"Yeah. You did." Coach's jaw worked his gum. "And next season, you'll try again. That's what this team does. We don't fold. We don't disappear. We come back."
The words didn't rub salt into our wounds.
"Local ownership confirmed funding for next year," Coach said. "Full roster. Same contracts. The Storm's not going anywhere. Neither am I. So you've got all summer to get your heads out of your asses and come back ready to win this thing."
Evan's pen started moving across his notebook. He was already planning.
Coach turned to leave, then stopped. "One more thing."
We all looked up.
"I'm proud of you too. Don't forget that."
Then he was gone, door swinging shut behind him.
For a moment, nobody moved. Pickle was the first to make a sound—half-laugh and half-sob.
"Did Coach just... say he was proud? Out loud?
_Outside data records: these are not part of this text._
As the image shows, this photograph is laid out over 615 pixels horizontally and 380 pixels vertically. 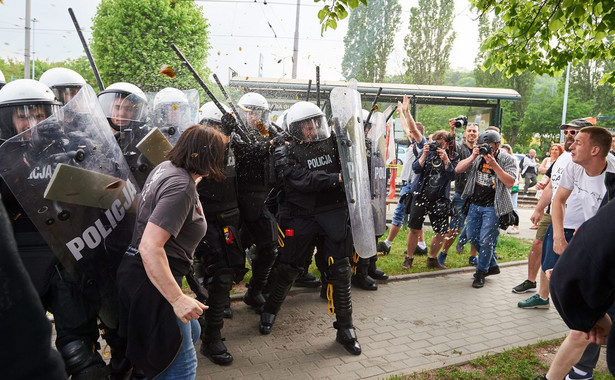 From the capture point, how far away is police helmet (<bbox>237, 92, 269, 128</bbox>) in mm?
4637

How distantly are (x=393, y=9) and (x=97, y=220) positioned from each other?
103ft

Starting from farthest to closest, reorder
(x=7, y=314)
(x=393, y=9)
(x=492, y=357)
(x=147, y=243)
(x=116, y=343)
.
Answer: (x=393, y=9) < (x=492, y=357) < (x=116, y=343) < (x=147, y=243) < (x=7, y=314)

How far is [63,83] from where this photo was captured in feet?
11.2

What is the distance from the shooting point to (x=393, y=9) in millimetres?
30109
With words?"
"I think I'm having an out-of-body experience," Jake said.
The tension broke like ice cracking in spring. Someone laughed—Desrosiers, maybe.
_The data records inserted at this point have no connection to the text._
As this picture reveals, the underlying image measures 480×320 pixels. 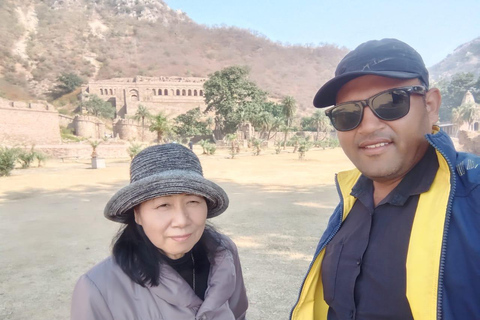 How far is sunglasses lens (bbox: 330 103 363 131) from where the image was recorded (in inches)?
54.9

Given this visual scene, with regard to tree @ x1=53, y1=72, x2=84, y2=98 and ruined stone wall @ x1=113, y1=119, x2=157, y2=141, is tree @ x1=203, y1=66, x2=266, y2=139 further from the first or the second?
tree @ x1=53, y1=72, x2=84, y2=98

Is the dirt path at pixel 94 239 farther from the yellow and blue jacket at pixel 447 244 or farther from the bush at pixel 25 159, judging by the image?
the bush at pixel 25 159

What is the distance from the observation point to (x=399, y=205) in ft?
4.36

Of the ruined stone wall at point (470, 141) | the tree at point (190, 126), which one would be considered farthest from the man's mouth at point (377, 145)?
the tree at point (190, 126)

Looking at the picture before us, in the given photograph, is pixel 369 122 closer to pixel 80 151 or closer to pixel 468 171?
pixel 468 171

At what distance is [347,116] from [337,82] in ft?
0.51

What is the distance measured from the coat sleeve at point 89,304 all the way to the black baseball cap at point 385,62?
4.20 feet

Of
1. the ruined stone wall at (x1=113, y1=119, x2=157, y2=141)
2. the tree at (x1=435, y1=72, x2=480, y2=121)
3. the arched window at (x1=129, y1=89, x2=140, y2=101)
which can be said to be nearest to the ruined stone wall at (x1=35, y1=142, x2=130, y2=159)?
the ruined stone wall at (x1=113, y1=119, x2=157, y2=141)

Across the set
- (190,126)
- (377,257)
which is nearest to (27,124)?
(190,126)

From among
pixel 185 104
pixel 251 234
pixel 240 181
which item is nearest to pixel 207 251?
pixel 251 234

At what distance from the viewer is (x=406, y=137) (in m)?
1.31

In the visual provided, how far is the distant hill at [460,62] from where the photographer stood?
15925 cm

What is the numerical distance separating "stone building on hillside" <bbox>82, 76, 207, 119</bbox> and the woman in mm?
56259

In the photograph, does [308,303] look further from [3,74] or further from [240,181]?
[3,74] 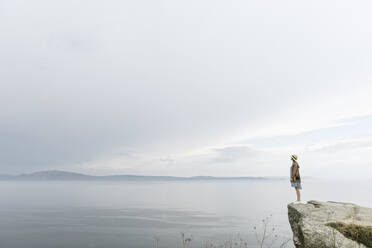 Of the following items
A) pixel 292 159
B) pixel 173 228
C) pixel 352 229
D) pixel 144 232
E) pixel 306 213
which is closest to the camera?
pixel 352 229

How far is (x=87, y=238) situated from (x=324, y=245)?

"We all playing next year?" he asked.
"Damn right we are," I said.
Pickle straightened, wiping his face with his jersey. "And I'm scoring that sock trick. Five goals. Whatever it takes."
I stood and slung an arm around his shoulders, pulling him into a headlock that was more hug than anything. "We all ugly cry in our first playoffs. It's tradition."
"I'm not crying."
"Your face is wet."
"That's—it's just—shut up, Hog." He grinned at me.
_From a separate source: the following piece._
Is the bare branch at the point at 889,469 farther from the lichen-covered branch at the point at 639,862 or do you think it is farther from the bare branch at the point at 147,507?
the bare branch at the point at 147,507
I was the last one out of the shower, shoulder still throbbing, when my phone buzzed in my jacket pocket.
Rhett:Proud of you. All of you. Meet you at The Drop?
Hog:Yeah. Twenty minutes
Rhett:Take your time. I'm not going anywhere.
Neither was I.
The Drop was already packed when I pushed through the door—teammates, locals, and kids in Storm jerseys who should've been in bed an hour ago. The jukebox played something with too much bass, and someone had strung up a banner that said SECOND PLACE IS FIRST LOSER in what looked like marker drawn on a bedsheet.
There, at our usual booth, was Rhett.
He'd saved me a seat and had a beer waiting. When I dropped onto the bench beside him, he didn't ask if I was okay or offer condolences about the loss. He squeezed my knee once under the table and said, "You played smart."
"We lost."
"You played smart," he repeated. "I watched you choose not to fight. I watched you set picks, protect Pickle, and make the playsthat mattered, even when nobody was looking. That matters more than a scoreboard."
Before I could figure out how to respond, Pickle commandeered the karaoke mic.